What’s happened in the space of a few years is that a gap has opened in the market for search solutions which work and arrive without the handcuffs, price tags, and attitude of traditional enterprise search vendors. Open source search has been legitimized by IBM. After supporting the open source Eclipse initiative, IBM embraced Lucene and incorporated that open source technology into its expensive Content Analytics and Watson solutions. You remember Watson. The natural language processing system “won” the television game show jeopardy. The IBM marketing machine left out the fact that TV game shows are “produced” and that the core technology was open source software. Those savvy in search realized that if IBM could build products on Lucene and Solr, the technology was ready for prime time.
Lucid Imagination is one of the—if not the—leading vendors of open source search solutions. Since the firm was found in 2008, the company has become a stalwart in the Lucene/Solr open source search community and the leading provider of open source enterprise search solutions. The company conducts training sessions, operates a dynamic series of conferences about open source search, and provides engineering and technical services, software, and support to clients worldwide.
The company’s new President and CEO is Paul Doscher, the former President and CEO of Jaspersoft, one of the most successful open source analytics companies and the former CEO of Dassault Exalead, INC. a vendor of a proprietary enterprise search system.
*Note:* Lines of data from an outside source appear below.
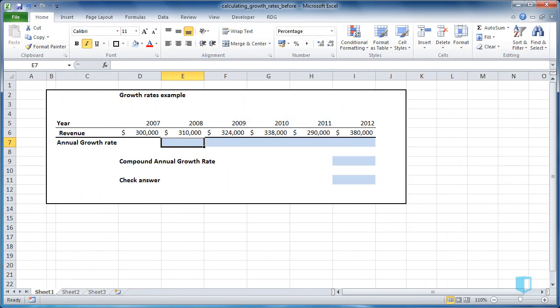One of the most common calculations you'll perform in Excel is the percentage growth rate. In this example we have 5 years of revenue and I'd like to calculate the annual growth rate for 2008 to 2012.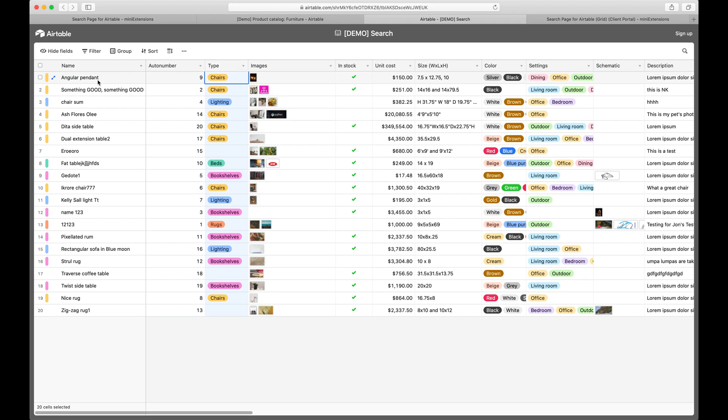then I would want my users to be able to go into that search page, put in some of that information and bring up records in that table that have that information.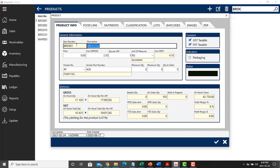Now for broccoli, I gave it a code which is alphanumeric, an item number of BRO, the first three letters of the word 001.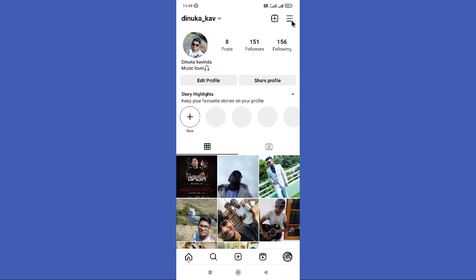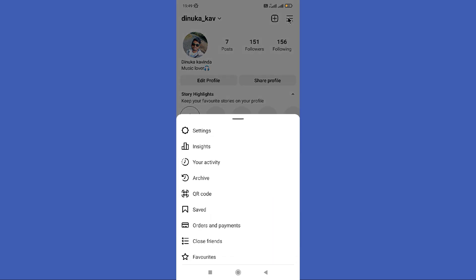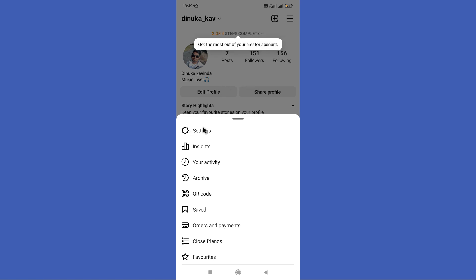Then you can find these three lines in the top right corner. You need to tap on those three lines, then click on the Settings icon.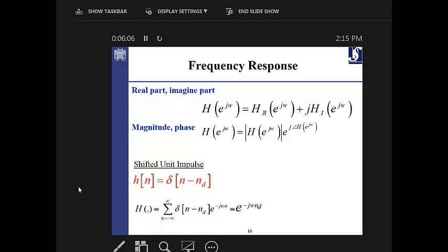Every frequency response has a real part and an imaginary part. Another way of representing these is using the magnitude — the absolute value of the amplitude — and the phase. As an example, we saw the unit impulse shifted by N_D samples, and for such a system the frequency response is nothing but a shift in the phase, with the amount of shifting represented accordingly.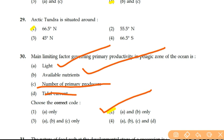With this, we have finished the most important questions for NTA UGC NET Paper 2 Environmental Science. Thank you very much.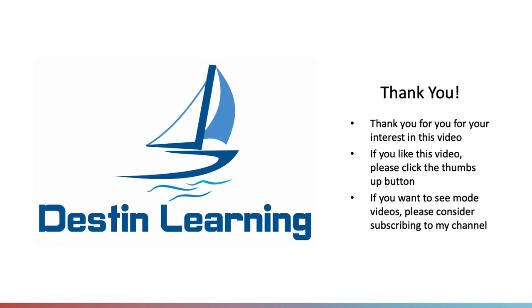Thank you for your interest in this video. If you like this video, please click the thumbs up button. If you would like to see more videos like this, please consider subscribing to my channel. Well, that's all for now. I'll see you in another video soon. Bye bye.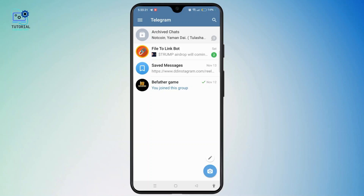Currently, that link is not supporting my country. So if it is supporting yours, then you will be redirected to the bot in Telegram. You have to tap start. The bot will send you a link to another Telegram channel related to Aviator. You have to click the new link to reach the Aviator channel.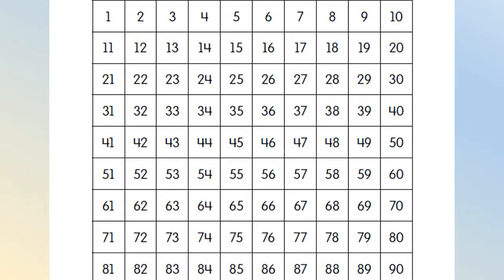Let's practice counting on by tens, the Say Ten way. First, let's count from 0 to 50 and back. But you'll be counting by tens.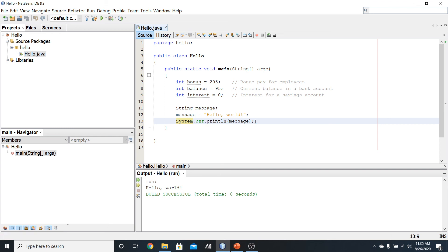Going into the next video, I want to start taking a look at the println method as well as the print method in a little bit more detail.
I spoke with Paul in Lucid Imagination’s new headquarters located near Oracle, the database giant, and Google, the online search and advertising system. The full text of my interview with him appears below:
Thanks for taking the time to speak with me. When did you join Lucid Imagination?
Thanks for giving me the opportunity to talk about Lucid Imagination. To answer your question, I joined Lucid in December 2011. I was the CEO of Dassault Exalead in the US, and I found the opportunity with Lucid Imagination’s open source business model an interesting opportunity. As you know, open source software is now recognized as big business.
Yes, RedHat just posted a $1.0 billion in revenue, right?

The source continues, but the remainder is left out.